Part I of this dissertation is based on joint work Variational Mode Decomposition [DZ14] with Dominique Zosso, in which the goal is to recursively decompose a signal into different modes of separate spectral bands, which are unknown beforehand. In the late nineties,
Huang [HSL98] introduced the Hilbert-Huang transform, also known as Empirical Mode Decomposition, in order to decompose a signal into so-called intrinsic mode functions (IMF) along with a trend, and obtain instantaneous frequency data. The HHT/EMD algorithm is widely used today, although there is no exact mathematical model corresponding to this algorithm, and, consequently, the exact properties and limits are widely unknown. We
propose an entirely non-recursive variational mode decomposition model, where the modes are extracted concurrently. The model looks for a number of modes and their respective center frequencies, such that the modes reproduce the input signal, while being smooth after demodulation into baseband. In Fourier domain, this corresponds to a narrow-band prior. Our model provides a solution to the decomposition problem that is theoretically well-founded, tractable, and motivated. The variational model is efficiently optimized using
an alternating direction method of multipliers approach. Preliminary results show excellent performance with respect to existing mode decomposition models.
Part II of this dissertation is the n-dimensional extension of the Variational Mode Decomposition. Decomposing multidimensional signals, such as images, into spatially compact, potentially overlapping modes of essentially wavelike nature makes these components accessible for further downstream analysis such as space-frequency analysis, demodulation, estimation of local orientation, edge and corner detection, texture analysis, denoising, inpainting,
and curvature estimation. The model decomposes the input signal into modes with narrow Fourier bandwidth; to cope with sharp region boundaries, incompatible with narrow bandwidth, we introduce binary support functions that act as masks on the narrow-band mode for image re-composition. L1 and TV-terms promote sparsity and spatial compactness. Constraining the support functions to partitions of the signal domain, we effectively get an image segmentation model based on spectral homogeneity. By coupling several submodes together with a single support function we are able to decompose an image into several crystal grains. Our efficient algorithm is based on variable splitting and alternate direction optimization; we employ Merriman-Bence-Osher-like [MBO92] threshold dynamics to handle eciently the motion by mean curvature of the support function boundaries under the sparsity promoting terms. The versatility and effectiveness of our proposed model
is demonstrated on a broad variety of example images from different modalities. These demonstrations include the decomposition of images into overlapping modes with smooth or sharp boundaries, segmentation of images of crystal grains, and inpainting of damaged image regions through artifact detection.

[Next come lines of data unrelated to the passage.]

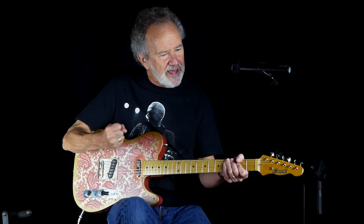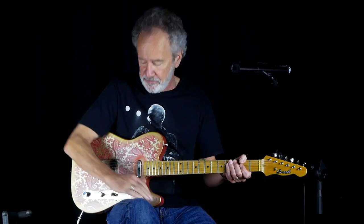Like a P90 — real fat, real crunchy. And a Crook Buds neck pickup. Compensated saddles. Polonia body.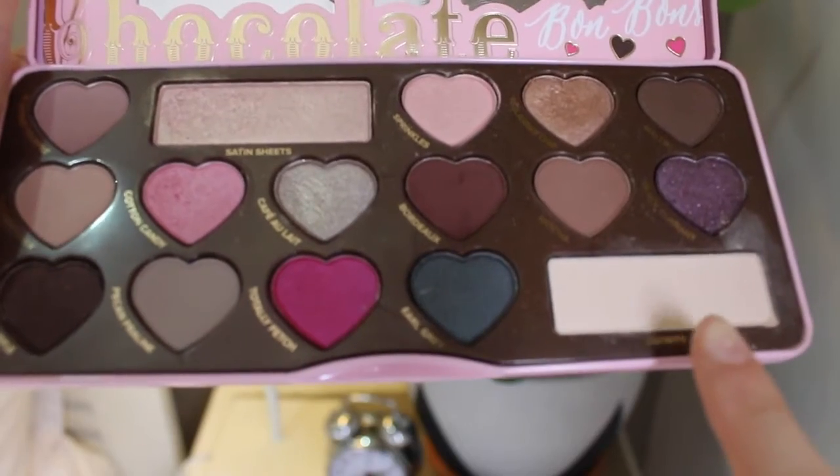I'm going to be using my Too Faced Chocolate Almonds palette. I really like this palette — it's probably my favorite palette at the moment. I'm just taking a shader brush and putting the shade Divinity all over my lid.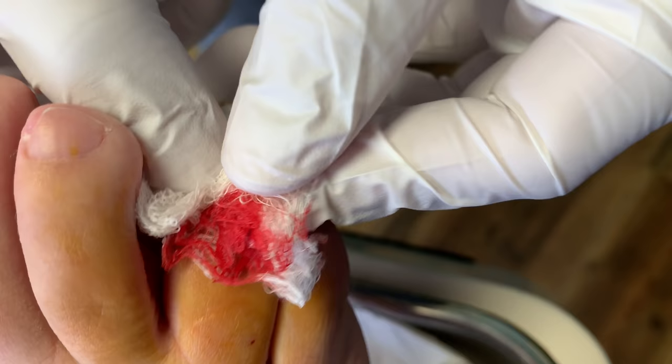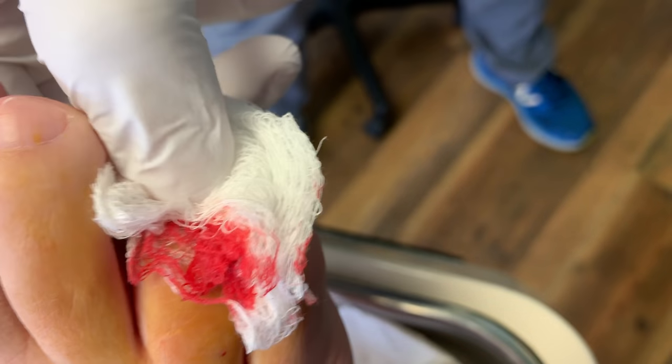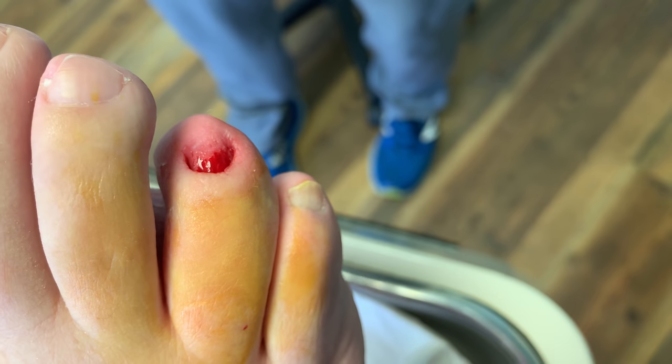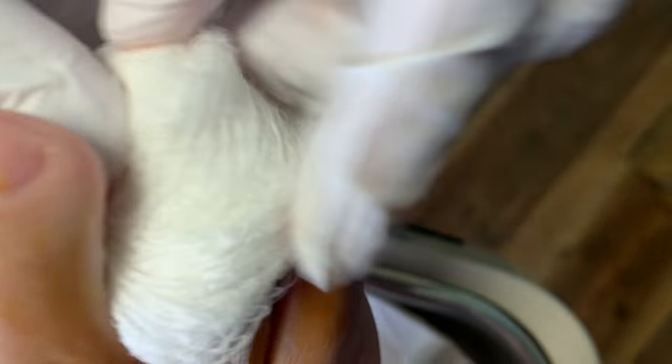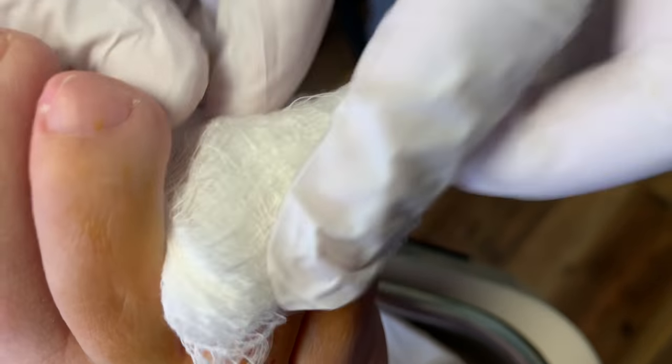So what we do — and someone neglected to put it on the table — is Adaptic, a non-adherent gauze. Don't forget the word Adaptic. I'll show you what it is; I'll get it out of the drawer.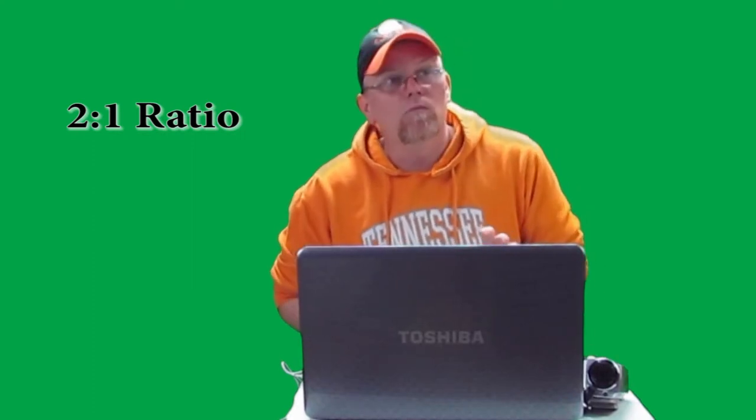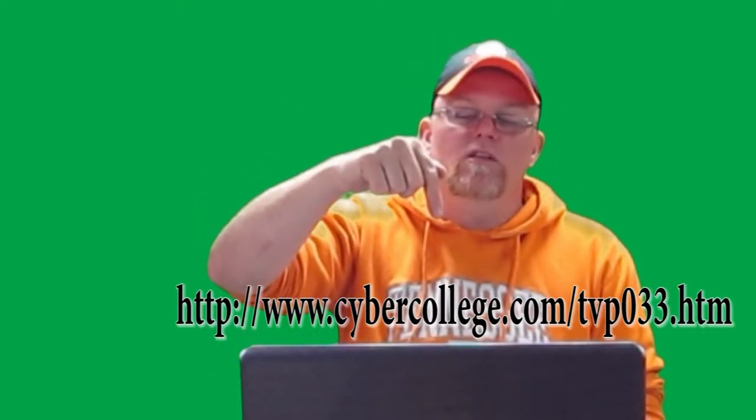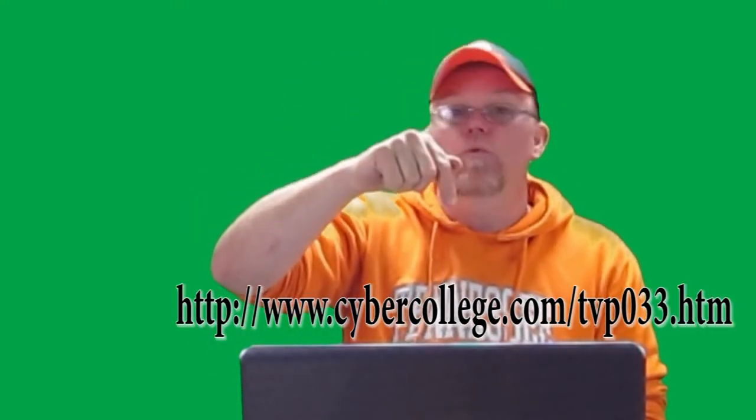Your key light is your main light — that's the light you want directly on your subject, or in this case on me. I believe the standard ratio for your key to fill is a two-to-one ratio. What that means is, let's say you have a 200 lux key light — you're going to want a 100 lux fill light. You can go to the link here and it will explain a little bit more about ratios.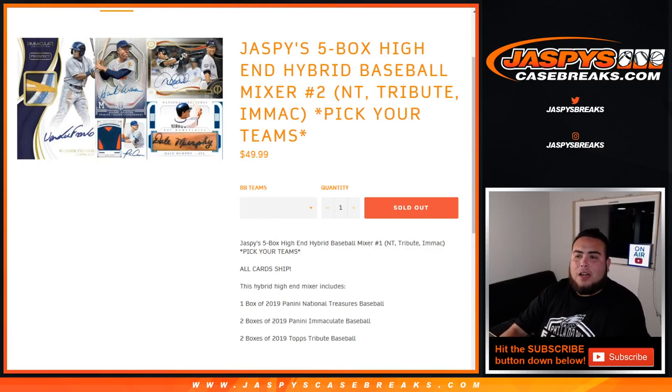What's up everybody, Jason here with JaspysCaseBreaks.com. We just filled it right before we're about to head off — Jaspy's 5-box high-end hybrid baseball mixer number 2, featuring National Treasures Baseball, Tribute Baseball, and Immaculate Baseball. It's a pick-your-team, all cards ship. This hybrid mixer is one box of NT Baseball, two boxes of Immaculate Baseball, and two boxes of Tribute.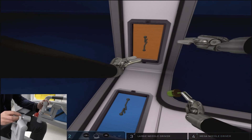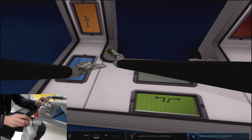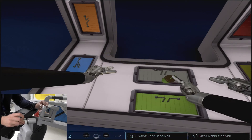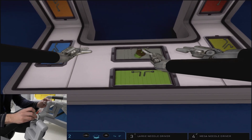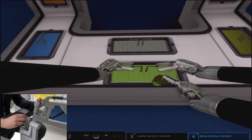Patience is key with this exercise. You can see we make multiple camera adjustments, multiple clutches, and a few swapping of the arms in order to even get back into the position we want to be in before attempting to open the green panel.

Part III of this dissertation is based on joint work with Igor Yanovsky of NASA Jet Propulsion Laboratory. We introduce a variational method for destriping data acquired by pushbroom type satellite imaging systems. The model leverages sparsity in signals and is based on current research in sparse optimization and compressed sensing. It is based on the basic
principles of regularization and data fidelity with certain constraints using modern methods in variational optimization - namely total variation (TV), both L1 and L2 fidelity, and the alternate direction method of multipliers. The main algorithm in Part III uses sparsity promoting energy functionals to achieve two important imaging effects. The TV term maintains boundary sharpness of content in the underlying clean image, while the L1 fidelity allows for the equitable removal of stripes without over- or under-penalization, providing a more accurate model of presumably independent sensors with unspecified and unrestricted bias distribution. A comparison is made between the TV-L1 and TV-L2 models to exemplify the qualitative efficacy of an L1 striping penalty. The model makes use of novel minimization splittings and proximal mapping operators, successfully yielding more realistic destriped images in very few iterations.